(Problem statement)
Print verbatim the lines from the beginning of the entries through the line containing "Further south, the", both ends included. Pictures should be left out.

(Data records)
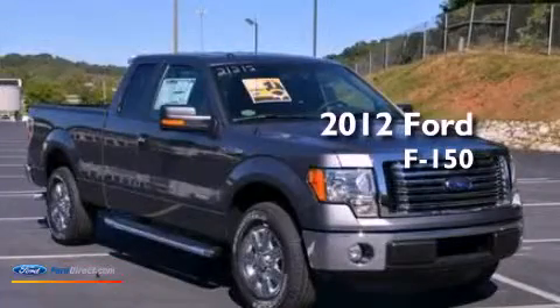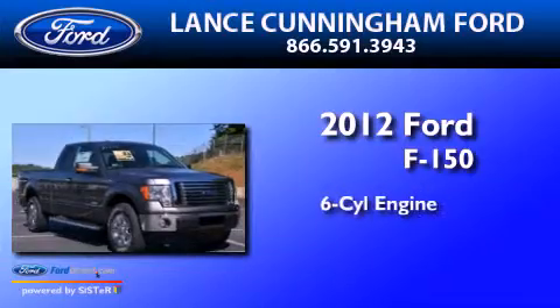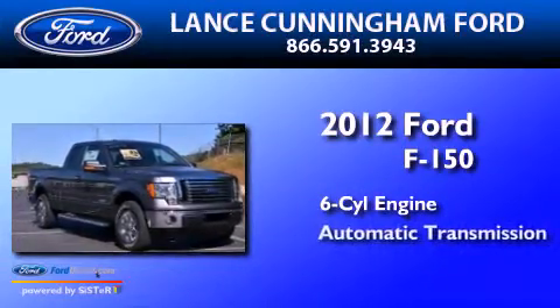This is a brand new 2012 Ford F-150. It features a six-cylinder engine and an automatic transmission.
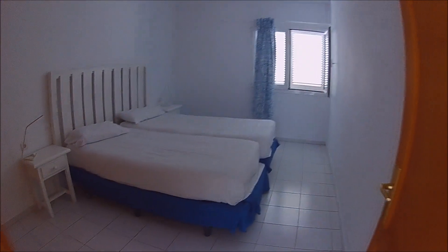Here's the bedroom — very basic, windows open because there's no aircon. And here's the wardrobe.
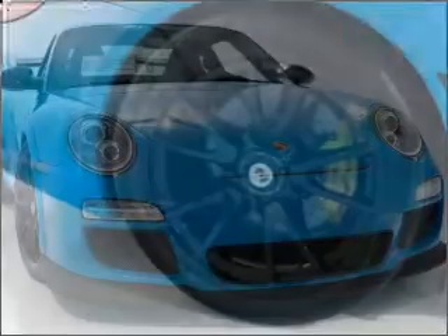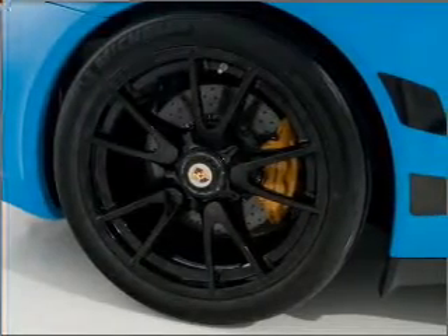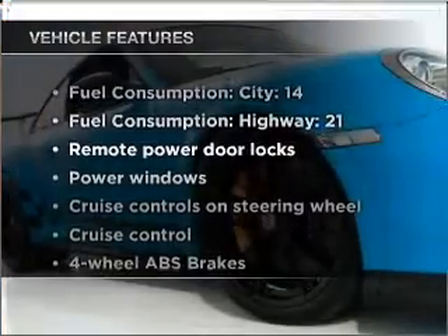You will appreciate the safety feature of anti-lock brakes. Memory settings are just one of the extras. Plus, enjoy these notable features that are included in this vehicle.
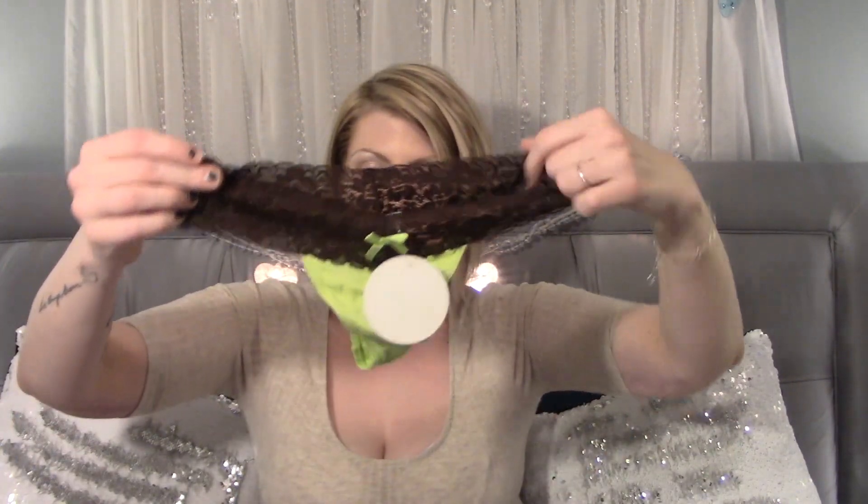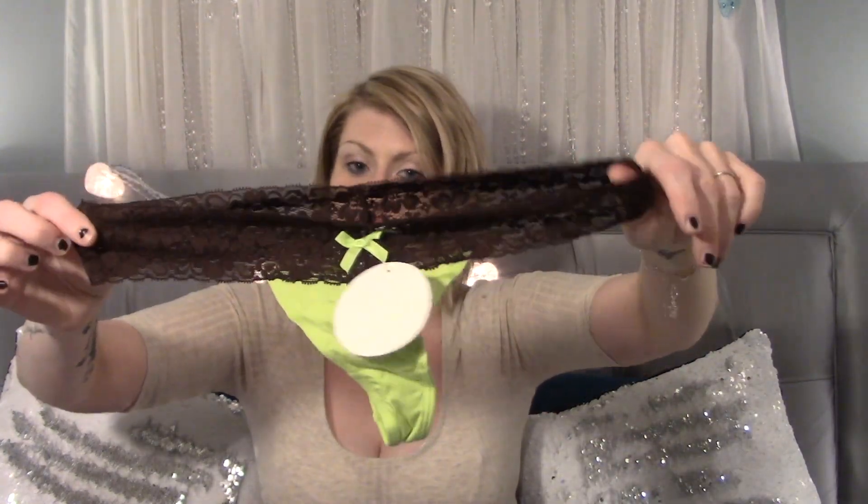Lastly, we have a thong that is green and brown and has lace trim on the top. This is cute and I would wear it too — it's not my favorite of the bunch but I will wear it. It has a tag on it that says it is $14, and this one has a tag that says it is $12.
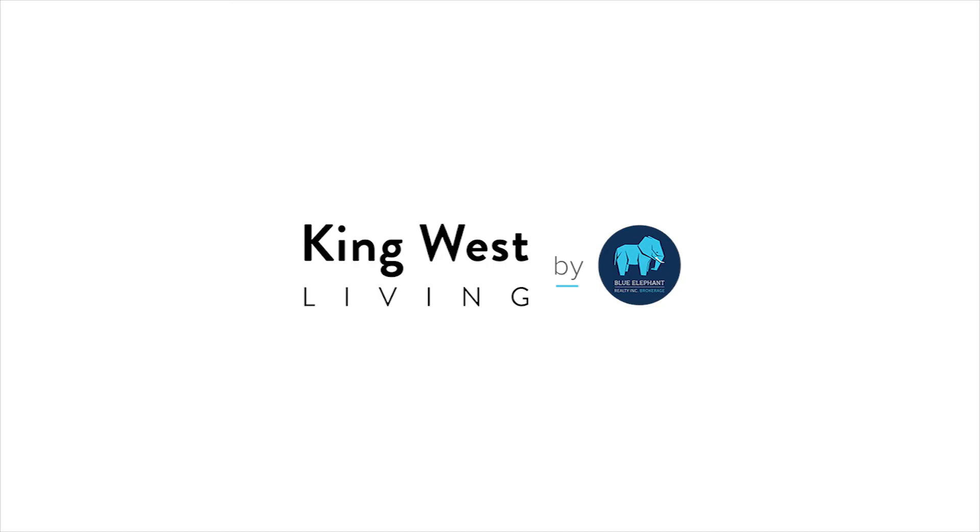If you want more information on this property, you can email me at blair@blueelephantrealty.com or give me a call at 416-504-6133. Thanks so much.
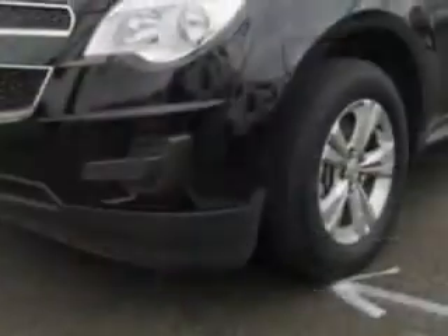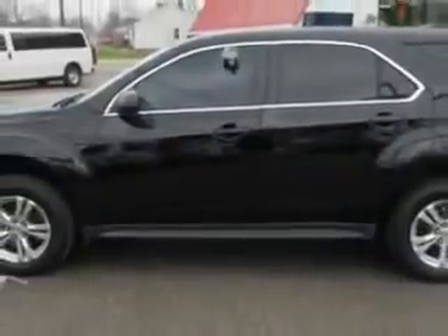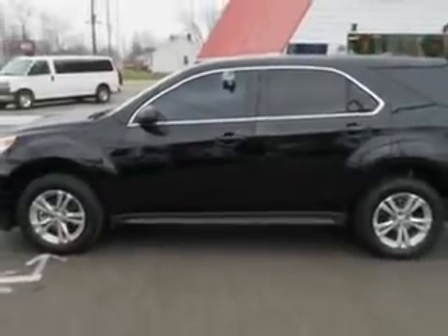Enjoy an exceptional 32 miles to the gallon on this great SUV, with features like Rear Defogger, Rear Wiper Variable Intermittent, Rear Wiper with Washer, Satellite Communications, and OnStar.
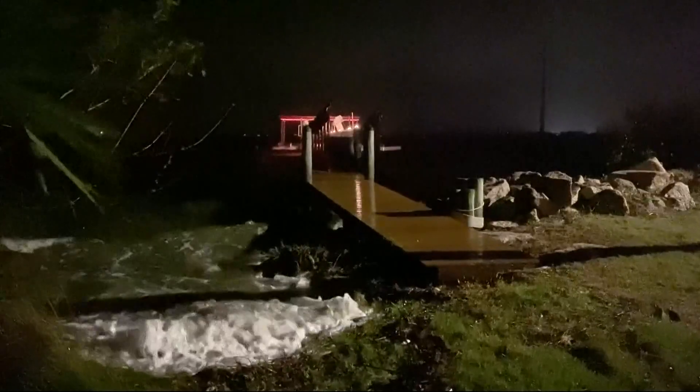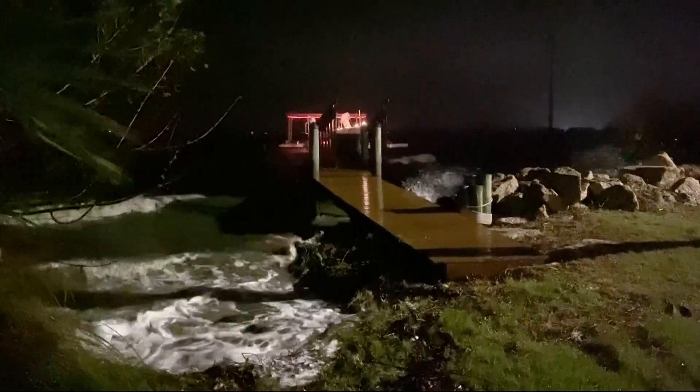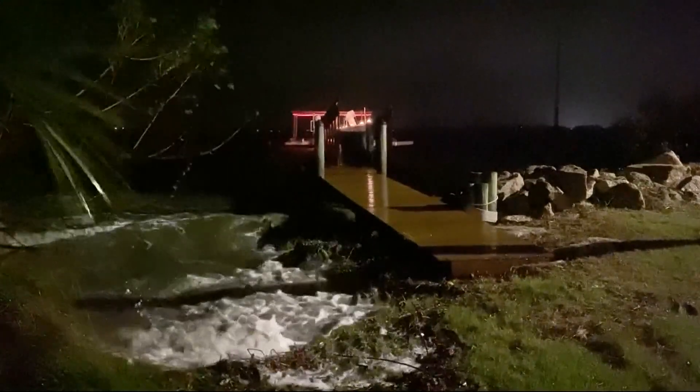Further south, the Indian River Lagoon is starting to overflow. This is near Stuart, Florida, about 50 miles south of where Nicole made landfall. You can see the water over top of the dock there in Stuart, Florida.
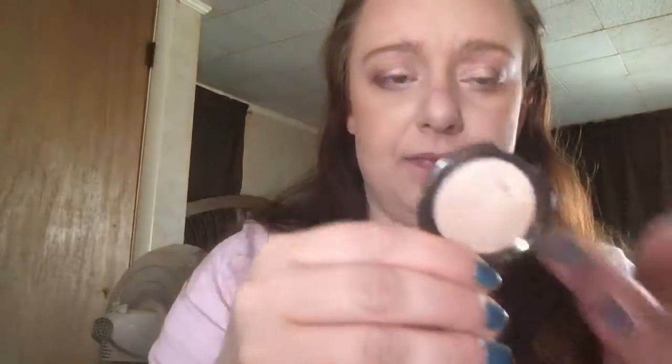I'm going to grab Becca's highlighter in Opal. It's just a pretty, kind of goldish undertone. I think it will go really pretty with this look. I'm going to take this Real Techniques setting brush and just brush it on the tops of my cheekbones.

(Solution for this problem)
This is a brand new 2012 Ford F-150. It features a six-cylinder engine and an automatic transmission.
Here's the bedroom — very basic, windows open because there's no aircon. And here's the wardrobe.
You will appreciate the safety feature of anti-lock brakes. Memory settings are just one of the extras. Plus, enjoy these notable features that are included in this vehicle.
Lastly, we have a thong that is green and brown and has lace trim on the top. This is cute and I would wear it too — it's not my favorite of the bunch but I will wear it. It has a tag on it that says it is $14, and this one has a tag that says it is $12.
If you want more information on this property, you can email me at blair@blueelephantrealty.com or give me a call at 416-504-6133. Thanks so much.
Enjoy an exceptional 32 miles to the gallon on this great SUV, with features like Rear Defogger, Rear Wiper Variable Intermittent, Rear Wiper with Washer, Satellite Communications, and OnStar.
Further south, the Indian River Lagoon is starting to overflow. This is near Stuart, Florida, about 50 miles south of where Nicole made landfall. You can see the water over top of the dock there in Stuart, Florida.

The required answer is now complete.